To achieve a reasonable level of encapsulation in C, a header file must be seen ...

simias · on July 17, 2023

I think what you say makes complete sense at module-level (as in, for a standalone lib for instance) but I never bother segregating things internally within a lib/module/exe and rely on good documentation and coding practices to avoid having member mutations all over the place.

If I code in Rust or C++ I can use namespacing and public/private to give every single object in the codebase a clean interface, but in C doing that is just frustrating, not to mention potentially inefficient.

menaerus · on July 17, 2023

Opaque pointers usually impose the restriction on the API such that in order to use the handle one has to dynamically allocate the object on heap. That's a quite unfortunate tradeoff IMO.

chongli · on July 18, 2023

Why not have the API take an allocator as a parameter? Pass in pointers to malloc, realloc, and free. Then the library can use your static allocator (or some 3rd party malloc such as jemalloc, or your own arena allocator for that matter) or it can default to the system one if you pass null pointers instead.

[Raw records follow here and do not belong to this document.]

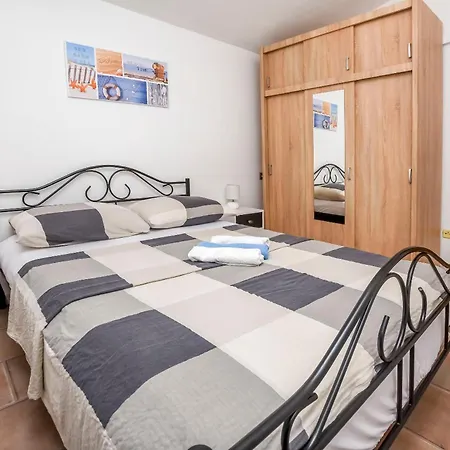 بيت للعطل House Lucija روغوزنيكا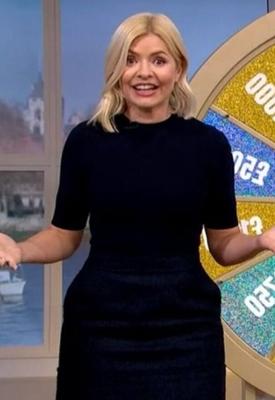 Die britische TV-Schlampe Holly Willoughby zeigt wieder ihren sexy Körper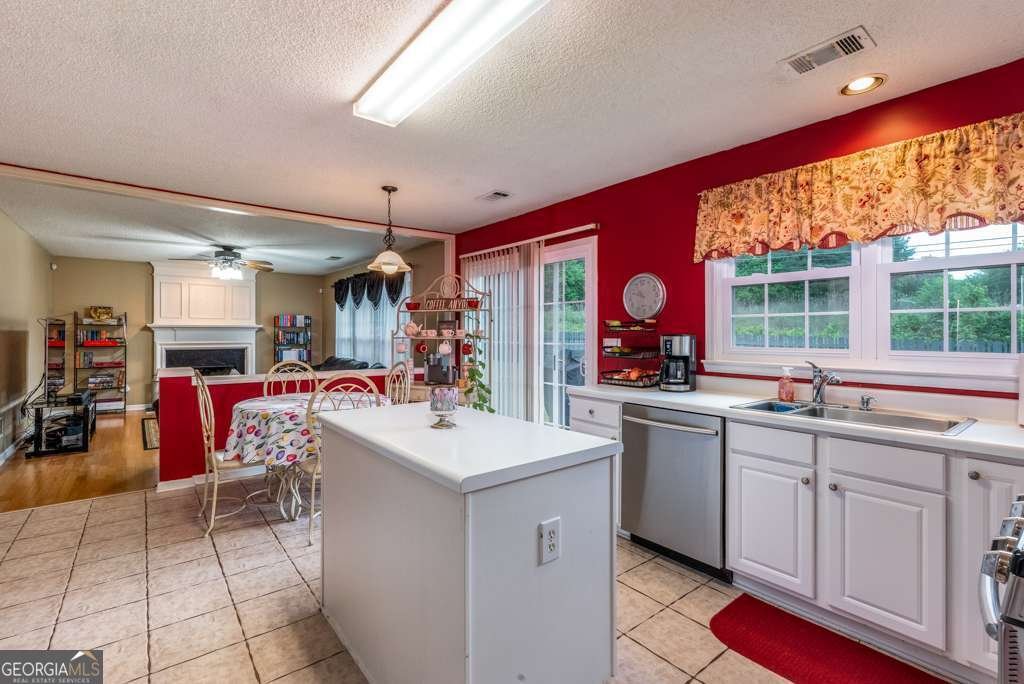 660 Glenbarrett Court Marietta - Photo 9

10000truths · on July 18, 2023

Callback based APIs are better, but not good enough. The problem remains that the user still has to deal with some potentially undesirable constraints:

* I may be running in an environment where allocating memory is an asynchronous operation. A callback based API forces me to block, which can cause unpleasant side effects like halting an event loop.

* In my experience, some libraries with custom allocation hooks forget to define one or both of the two basics in the callback signature: a "context" or "user data" parameter, and a way to return an error.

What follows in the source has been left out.